[Opening Source material section]

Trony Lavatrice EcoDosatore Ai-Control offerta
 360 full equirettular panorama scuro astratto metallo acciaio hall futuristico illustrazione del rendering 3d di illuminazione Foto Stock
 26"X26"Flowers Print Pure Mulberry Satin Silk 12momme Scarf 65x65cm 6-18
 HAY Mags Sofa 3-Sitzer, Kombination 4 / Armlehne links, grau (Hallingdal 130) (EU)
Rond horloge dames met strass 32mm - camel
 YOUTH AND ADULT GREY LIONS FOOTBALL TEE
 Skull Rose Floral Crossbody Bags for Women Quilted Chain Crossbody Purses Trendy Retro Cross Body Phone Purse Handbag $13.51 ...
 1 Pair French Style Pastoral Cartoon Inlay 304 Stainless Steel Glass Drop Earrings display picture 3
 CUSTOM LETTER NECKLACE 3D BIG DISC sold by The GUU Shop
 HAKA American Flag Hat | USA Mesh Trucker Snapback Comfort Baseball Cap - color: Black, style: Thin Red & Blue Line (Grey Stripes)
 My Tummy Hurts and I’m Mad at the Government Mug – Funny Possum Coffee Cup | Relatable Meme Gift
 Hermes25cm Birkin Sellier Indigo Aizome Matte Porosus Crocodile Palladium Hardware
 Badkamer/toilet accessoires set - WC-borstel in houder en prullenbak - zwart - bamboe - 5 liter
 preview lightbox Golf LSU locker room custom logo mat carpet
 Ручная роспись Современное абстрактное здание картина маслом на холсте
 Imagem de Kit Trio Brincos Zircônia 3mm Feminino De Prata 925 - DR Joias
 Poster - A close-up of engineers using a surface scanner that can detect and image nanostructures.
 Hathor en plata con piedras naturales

[Closing Source material section]

▸ Task item:
From the data above, return every line from the line that has "HAKA American Flag" up to and including the line that has "Poster - A close-up", exactly.

▸ Response below:
 HAKA American Flag Hat | USA Mesh Trucker Snapback Comfort Baseball Cap - color: Black, style: Thin Red & Blue Line (Grey Stripes)
 My Tummy Hurts and I’m Mad at the Government Mug – Funny Possum Coffee Cup | Relatable Meme Gift
 Hermes25cm Birkin Sellier Indigo Aizome Matte Porosus Crocodile Palladium Hardware
 Badkamer/toilet accessoires set - WC-borstel in houder en prullenbak - zwart - bamboe - 5 liter
 preview lightbox Golf LSU locker room custom logo mat carpet
 Ручная роспись Современное абстрактное здание картина маслом на холсте
 Imagem de Kit Trio Brincos Zircônia 3mm Feminino De Prata 925 - DR Joias
 Poster - A close-up of engineers using a surface scanner that can detect and image nanostructures.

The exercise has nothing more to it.